Armed with knowledge of which job failed and when, we can switch to SQL Server Management Studio, navigate to SQL Server Agent | Jobs, right-click the failing job and select View History.
This job has never succeeded in all the times it’s been run. Highlight one instance and expand it to see details of the job step that failed, including the error messages raised. There at the bottom of the screen, you can see that for demonstration purposes, I sabotaged my own backup job by including a
RAISERROR command within the script, and passing in an error saying ‘Oops’.
Nevertheless, SQL Monitor let me know immediately that there was a problem. For vital jobs, such as backups on production servers, adjusting the alert from Medium to High would probably be a very good choice.
Did the job fail to run?
While SQL Monitor does not provide a generalized alert for jobs that fail to run at all, it does have the Backup Overdue alert. This checks the age of the backups for all databases on the monitored instance, and will raise a medium-level alert or any that are over the threshold limit (7 days, by default, but adjust this to suit your own SLAs). On any boxes that don’t have a regular backup schedule, you might consider adjusting both the alert level and threshold level.

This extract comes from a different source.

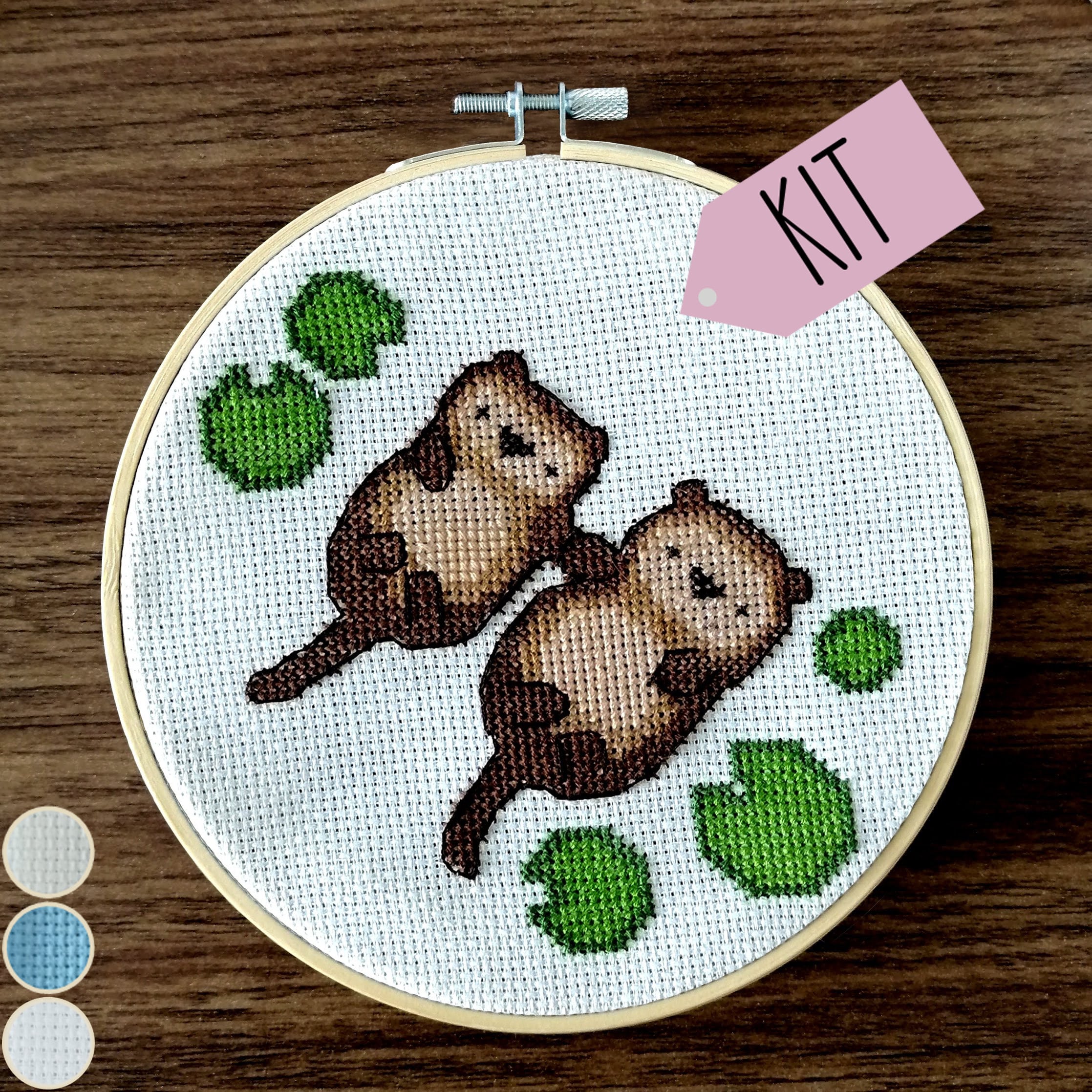 Otter Cross Stitch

If a backup failed to run, you obviously need to investigate the cause. You might consider setting up a SQL Monitor custom alert to receive a notification if someone disables a backup, for example.
Did a job run long?
If all your jobs are completing successfully, that’s great, but what happens when a job suddenly takes a lot longer than usual to run? It could be explained easily, such as by a recent data load causing a backup job to run long, or the cause could be subtler and more worrying.
SQL Monitor has the Job Duration Unusual alert, by default set to fire a low-level alert if a job deviates from its baseline duration (based on previous 10 executions) by more than 50%, for any job that runs over 120 seconds.

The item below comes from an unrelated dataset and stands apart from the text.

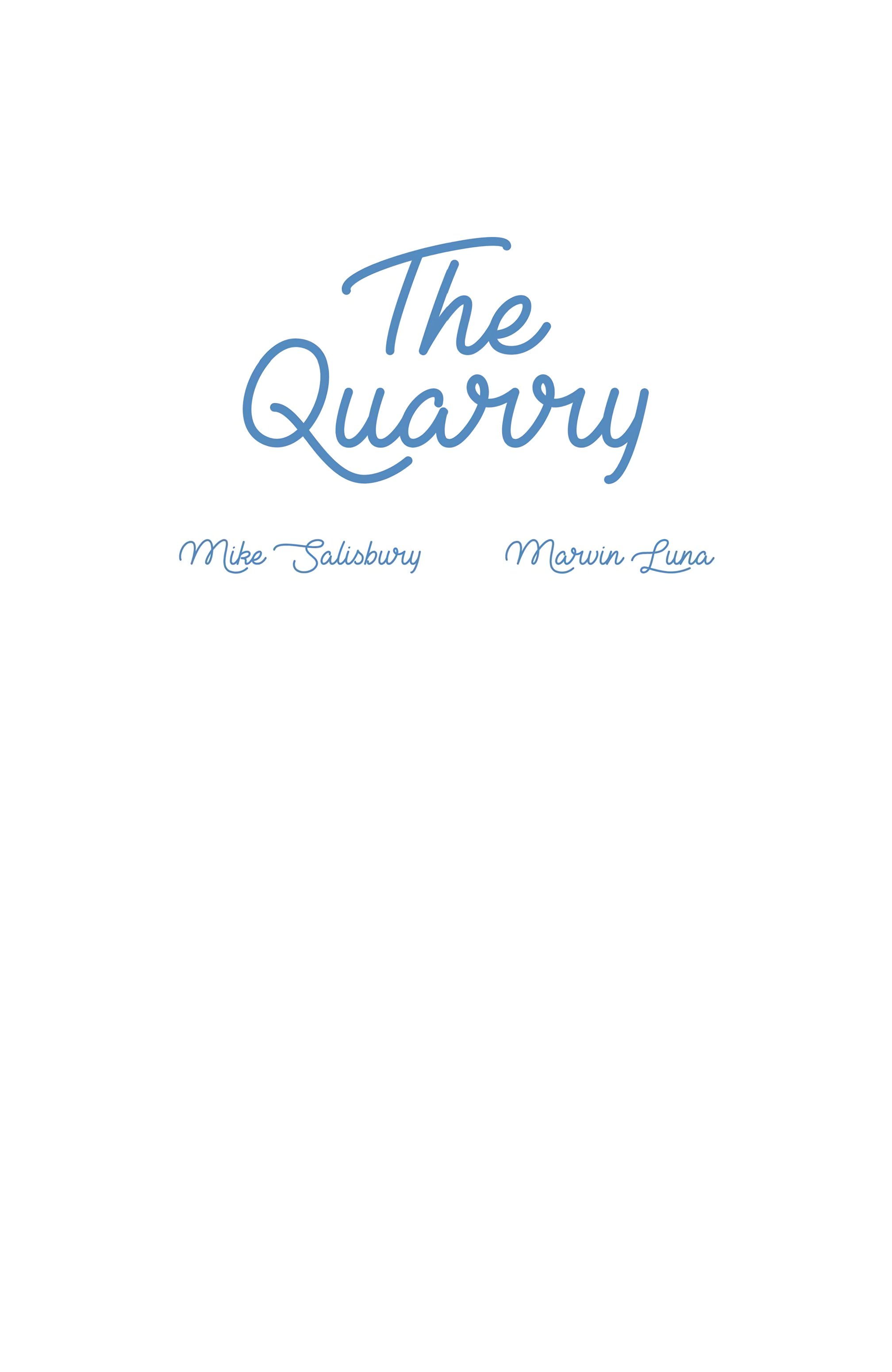 Read online The Quarry comic -  Issue # TPB - 2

All this can be adjusted, very simply, and we can activate and set multiple alert thresholds, as shown in Figure 7.
When the Job Duration Unusual fires, you can bring up the details for that instance of the alert simply by clicking on it.

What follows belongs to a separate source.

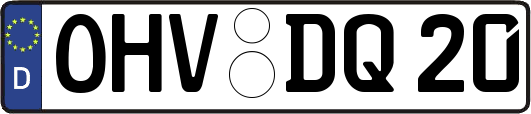 OHV-DQ20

You can see that a Data Cleanup job ran took 10 minutes to run, against a median runtime of approximately zero. Click on the Last 10 runs tab to see the details of each of the previous job executions.
Most of the time the job runs instantly, but in some cases it takes 10 minutes. For demo purposes, on my isolated test server, I simply configured the job to be delayed by 10 minutes every fourth time it runs.
DECLARE @currenttime TIME;
SET @currenttime = GETDATE();
IF DATEPART(mi,@currenttime) > 40
WAITFOR DELAY '00:10:00';
However, the most common cause of this sort of problem on a real production instance is that, at certain times, one job is blocked by another job, or by system processes, or by a long running query. This is where SQL Monitor’s Performance Data, showing resource use and activity of other processes, around the time a specific alert was raised, becomes highly valuable for troubleshooting.
Alerts are the database’s early warning signal of the possibility of failure. As DBAs, we must be aware of these signals immediately, and respond as quickly as possible. If SQL Agent is offline or paused, we need to know. If a job fails, or fails to start, or performs erratically, we need to know.
SQL Monitor provides customizable alerting systems, plus a wide range of performance metrics to help troubleshoot the underlying cause of an alert. All this combines to give you the information you need to keep your servers up and operating efficiently.